In one of his interviews, Nikita Kadan described his interest in the historiographical method in art in the following way: ‘I think the most important thing here is having courage to feel around with your hands in the dark. The dark and impenetrable character of the present seems to call for certain caution. As in, “Keep your hands to yourself, don’t poke around, something can bite your finger ‒ you don’t see what’s inside there.” An artist can base his or her work on this kind of idiot’s courage to feel around in the historical darkness. If you practice it long enough, you can develop the special sensitivity of a blind man. On the one hand, this type of action hinges on your own imprudence, your recklessness, on things that you really should not be particularly proud of. And yet, while an incoming ray of light will slowly progress, reclaiming more and more new objects from darkness, you will already know at what point these things that are now revealed by light will prove to be important. And it is not a prophecy, not a premonition; the artist here is not a medium channelling an external higher knowledge. There actually is no such higher knowledge. There is a confident indiscretion that can at some point fire and hit the bullseye of the real state of things. You were working with the subject of ‘the war of the monuments’ in Ukraine, and then suddenly the issue became visible for the rest of the world. The ray of light has travelled up to this place and will move on.’

Nikita Kadan. Sun and Satellite. 2020. Neon, metal. View of the exhibition ‘Stone Hits Stone’. Photo: PinchukArtCentre, Maksym Bilousov

Nikita has recently been very active as a curator, his efforts being directed toward highlighting the subject of the 1910s‒1930s Ukrainian avant-garde. In 2017, the ‘Postponed Futures’ exhibition in London offered an alternative take on the 20th-century Ukrainian avant-garde through the lens of contemporary Ukrainian art. This line of research was continued by Kadan’s own shows, ‘Project of Ruins’ at MUMOK in Vienna and ‘The Spectacle of Unorganized Masses’ in Ústí nad Labem in Czechia.

The exhibition nominated for the Shevchenko Prize was Nikita Kadan’s 2021 show ‘Stone Hits Stone’ at the PinchukArtCentre, a famous Kyiv art institution located at the very heart of the city (we published an extensive interview with the Centre’s Art Director Björn Geldhof in 2018). It could perhaps be said that this collection of works became a certain summary of the artists interests over the last six or seven years; once again, according to the web page on the Art Centre’s site, it featured ‘reflections on Ukrainian history, political violence, national historical heritage, avant-garde and Soviet utopia. This exhibition deals with present day challenges in its inextricable connection with the past, using history to enlighten the present and imagine the future.’

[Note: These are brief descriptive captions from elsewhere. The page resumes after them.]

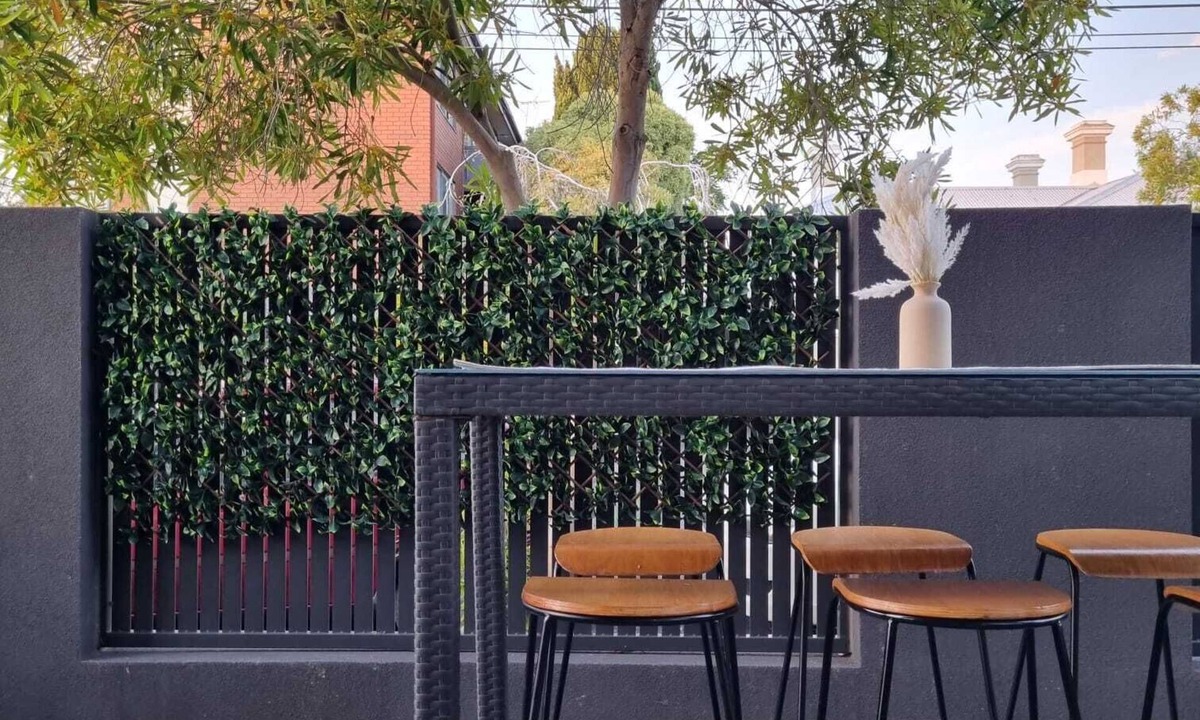 Balaclava Apartment | Feeling Connected - Balaclava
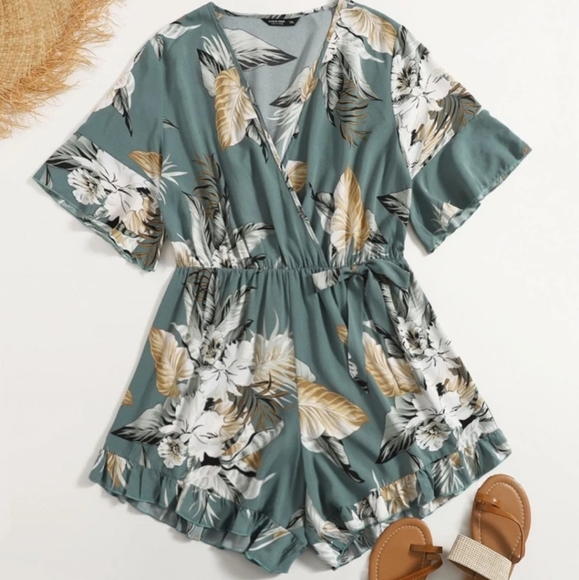 Shein Tropical Print Ruffle Hem Romper size 3x New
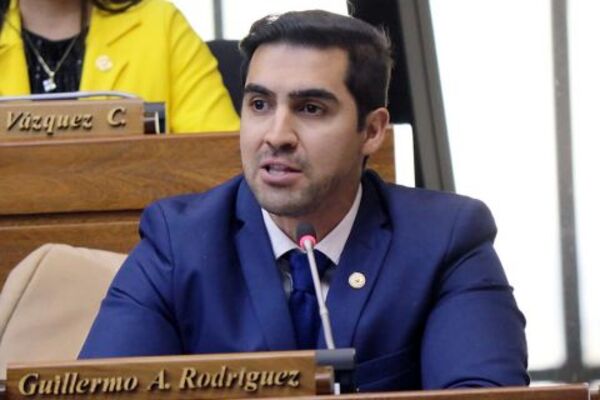 Por "negligencias" renuncia a la Comisión de lucha contra el narcotráfico - Portal Digital Cáritas Universidad Católica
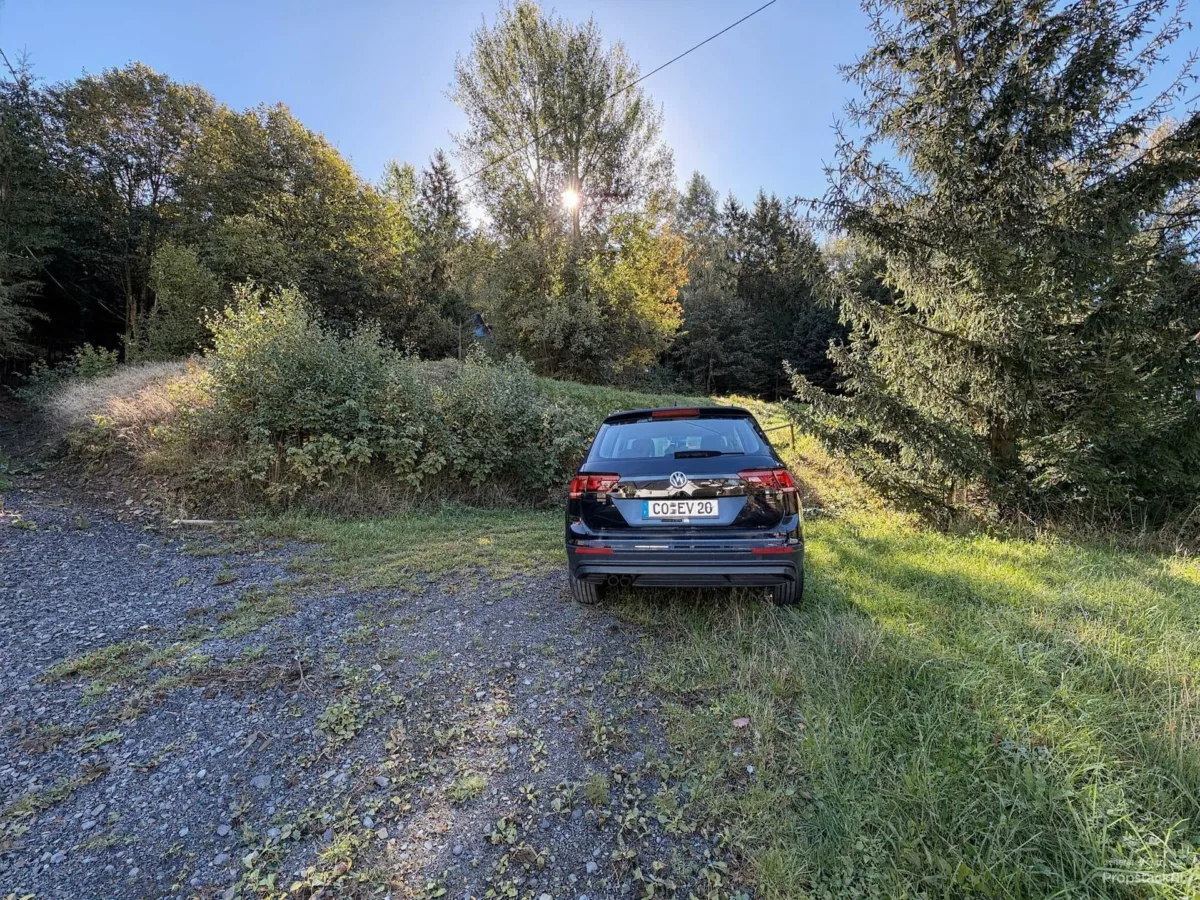 Parkplatz (zwei STP)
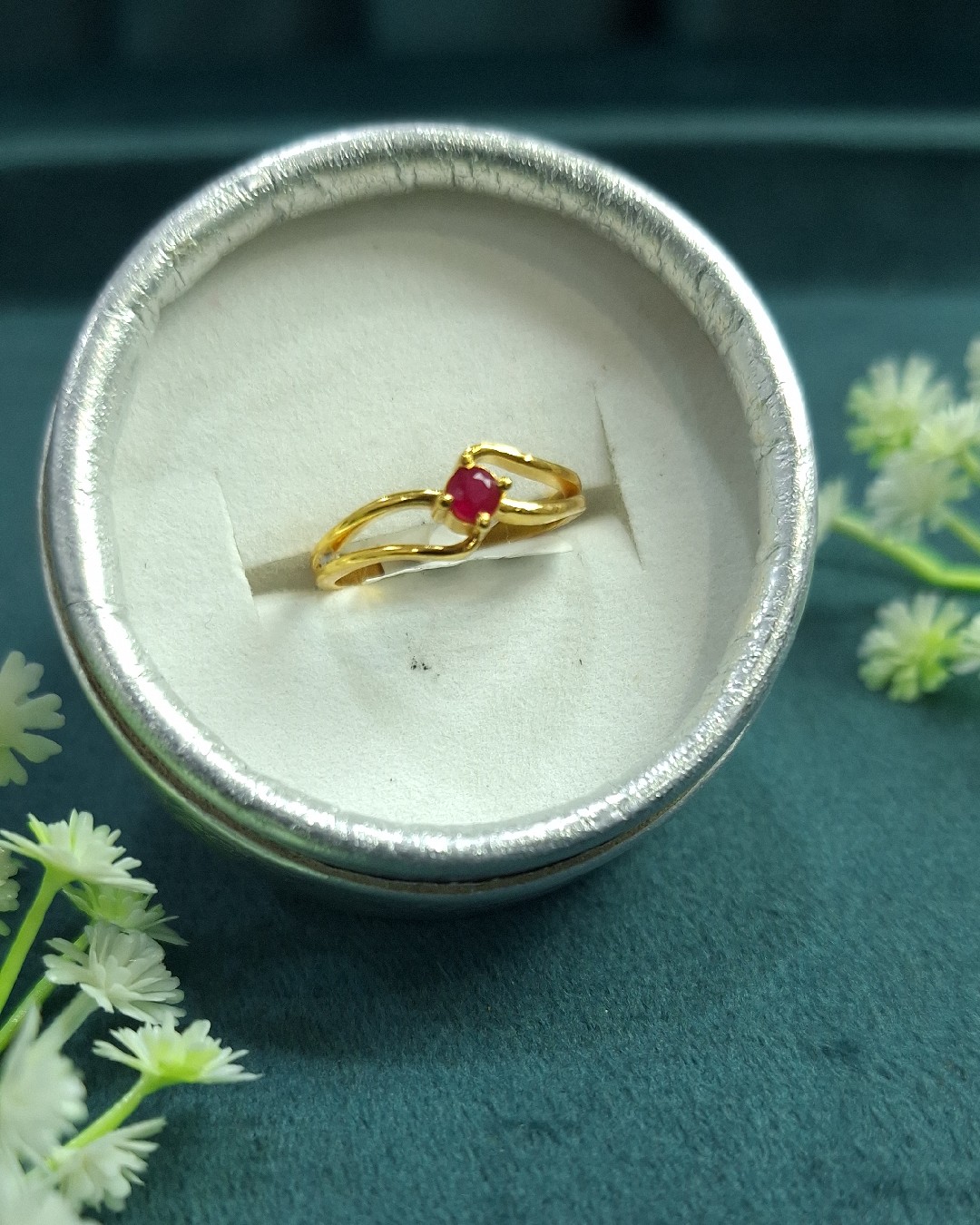 Ruby Signity Twist Ring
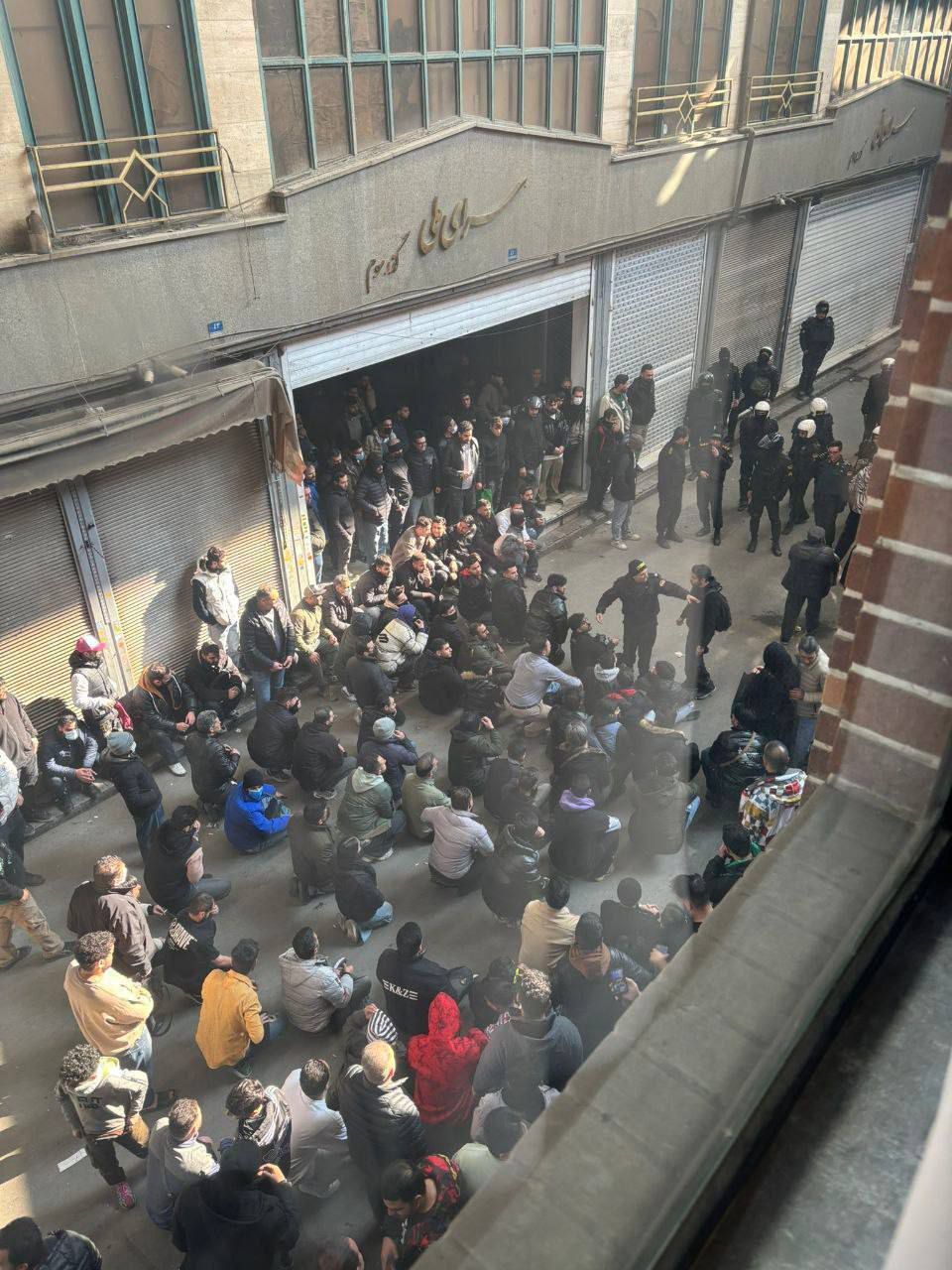 استراتژیست بازارهای جهانی: فروپاشی اقتصاد برای حکومت ایران خطری جدی‌تر از مداخله نظامی است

As soon as I heard about the prize, I decided that we definitely should talk. Nikita Kadan has stayed in Kyiv, a city with foreign columns of tanks on its outskirts. I called him on 12 March via the Telegram app from Riga, a city without military patrols and ‘Czech hedgehogs’ in the streets, a city where the threats following the escalation of war in Ukraine are felt particularly acutely, just like in other capitals, cities and towns of the Baltic countries. Our conversation lasted some 40 minutes or so, and when I played back the recording afterwards, it turned out that the mic of my notebook had stopped functioning normally at some point. There were terrible background noises and rustling in the recording; I had to listen to each sentence three or four times to understand what Nikita was saying. But somehow the complicated process seemed to compensate for me, if only partly, the inequality between the places from which we were communicating, the inequality I tried to express coherently at the beginning of our conversation. In the actual recording, Nikita’s voice pronounces the sentences quite slowly, pausing every now and then, conveying a sense of physical tiredness and yet, at the same time, confidently and, typically for him, in a well considered manner.

Nikita Kadan. Photo: Bert de Leenheer

You know what, this is a very strange feeling ‒ you are in Kyiv right now, surrounded by columns of tanks and whatnot, while I am talking to you from my home, from safety. A state of total asymmetry. And yet we do need to conduct this conversation, one way or another... And I wanted to ask you about the Shevchenko Prize first of all. I think it is of utmost importance that, despite the war, there is still a segment of cultural life that still goes on, no matter what. And you became a laureate of this prize...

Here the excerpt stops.